DATA BLOCK —
——————————
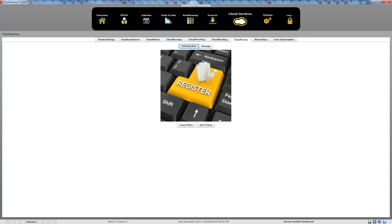Welcome to StudioCloud's video tutorial on CloudForms. We're going to go through how to create a form as well as how the signature and contract part of CloudForms works.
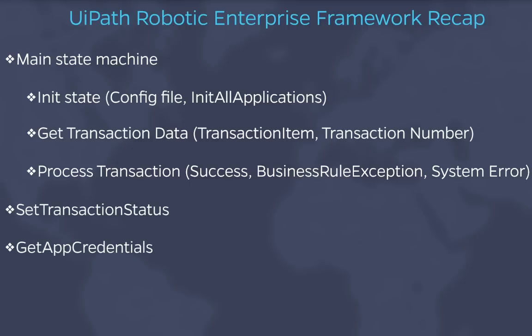In the next series of tutorials, we will use the RE Framework to implement robust robots on sample processes. We'll start with simple ones while keeping the focus on the framework, and slowly move to more complex processes where we'll face many real-life challenges. Sounds exciting, right? Stay tuned.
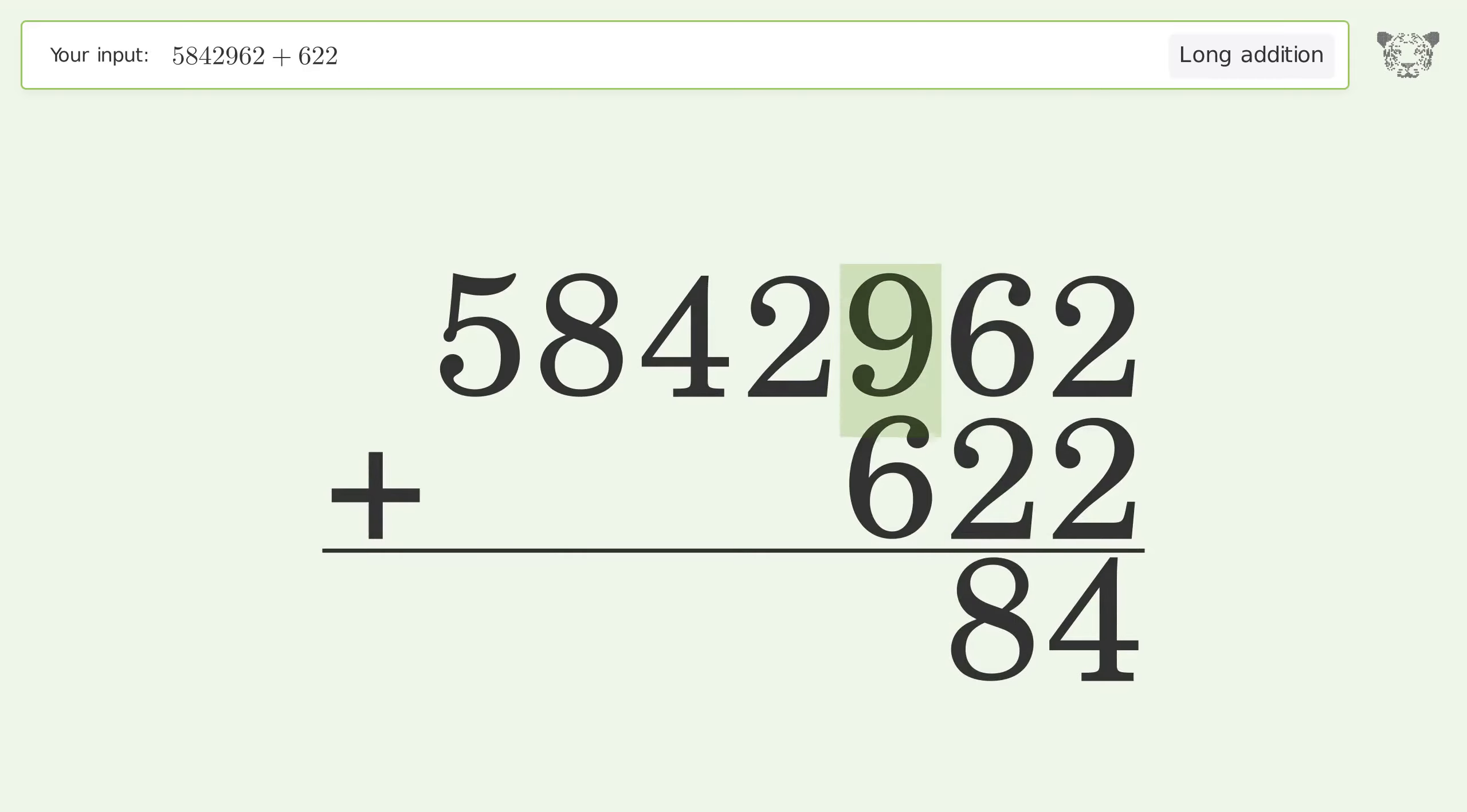9 plus 6 equals 15. Carry 1 to the thousands place.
——————————
REQUIREMENT —
Beginning with the line that bears "In the next", output each line through the last line of the listing exactly, and no others; skip the pictures.

YOUR RESPONSE —
In the next series of tutorials, we will use the RE Framework to implement robust robots on sample processes. We'll start with simple ones while keeping the focus on the framework, and slowly move to more complex processes where we'll face many real-life challenges. Sounds exciting, right? Stay tuned.
9 plus 6 equals 15. Carry 1 to the thousands place.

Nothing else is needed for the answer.